オンライン授業のビデオ収録
講義の様子
私とABICとの出会いは2015年秋にさかのぼる。ABICの大学講座担当コーディネーターであった三井物産OBの大先輩から、三井物産出身の講師が少ないのでやらないかと声を掛けていただいた。当時はまだ現役であったが、会社で経営環境分析の仕事をしていたことからお役に立てればと引き受けた。以来ABICにはさまざまな講師の機会を頂き大変感謝している。その経験を幾つかご紹介したい。

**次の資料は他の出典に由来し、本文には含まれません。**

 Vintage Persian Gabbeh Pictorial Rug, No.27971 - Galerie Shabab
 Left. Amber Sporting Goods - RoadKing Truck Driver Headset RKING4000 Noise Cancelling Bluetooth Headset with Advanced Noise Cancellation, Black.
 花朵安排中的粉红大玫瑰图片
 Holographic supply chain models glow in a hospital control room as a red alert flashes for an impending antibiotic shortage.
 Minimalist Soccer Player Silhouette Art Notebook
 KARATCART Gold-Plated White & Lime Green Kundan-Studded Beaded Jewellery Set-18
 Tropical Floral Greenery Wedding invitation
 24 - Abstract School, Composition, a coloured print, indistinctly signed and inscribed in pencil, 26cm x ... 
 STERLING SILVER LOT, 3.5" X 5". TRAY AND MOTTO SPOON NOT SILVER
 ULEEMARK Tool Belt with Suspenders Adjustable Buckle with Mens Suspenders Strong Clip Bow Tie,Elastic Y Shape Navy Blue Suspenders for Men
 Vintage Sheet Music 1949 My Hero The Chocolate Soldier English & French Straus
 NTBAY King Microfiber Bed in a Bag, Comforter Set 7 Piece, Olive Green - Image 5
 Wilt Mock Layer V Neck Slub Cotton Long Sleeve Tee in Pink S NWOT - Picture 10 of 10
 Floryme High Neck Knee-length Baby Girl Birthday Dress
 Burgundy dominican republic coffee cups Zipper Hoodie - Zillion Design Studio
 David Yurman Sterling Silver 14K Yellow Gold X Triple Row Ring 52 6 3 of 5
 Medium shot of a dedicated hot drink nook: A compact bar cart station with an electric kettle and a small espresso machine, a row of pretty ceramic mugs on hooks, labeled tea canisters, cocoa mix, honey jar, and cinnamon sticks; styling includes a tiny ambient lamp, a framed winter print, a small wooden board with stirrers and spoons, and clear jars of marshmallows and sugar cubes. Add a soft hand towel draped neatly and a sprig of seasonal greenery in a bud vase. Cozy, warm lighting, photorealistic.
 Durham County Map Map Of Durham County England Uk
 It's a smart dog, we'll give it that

一つ目は、青山学院大学の「国際ビジネス」で今学期も教壇に立っている。2004年から続く歴史のあるABIC提供講座であり、全学部の2-4年生を対象とする。「国際ビジネスと海外事情」は青山キャンパスでの英語による講義、「国際ビジネス入門」は相模原キャンパスの日本語講義と違いはあるが、複数のABIC講師が得意な地域、産業を分担し講義する形式は共通で、私はビジネス環境の全体俯瞰とエネルギーを担当している。全体俯瞰では、「ビジネスとはビジネス環境に対する産業的解決策」であることをメッセージとして、ウイズコロナ、米中対立、脱炭素、高齢化、DXなど国際ビジネスが直面するビジネス環境を取り上げて説明、各論に入る前の学生の頭の整理を試みている。また43年にわたる商社マンとしての自己体験をサンプルに、冷戦終了、リーマンショックなど自身が直面したビジネス環境変化と、その際に取り組んだビジネスを紹介し、ビジネスとビジネス環境の関係性をより具体的に説いている。毎回学生からリアクションペーパーが任意で提出されるが、的を射たコメントと真剣な質問は授業を進める上でとても良い材料となっている。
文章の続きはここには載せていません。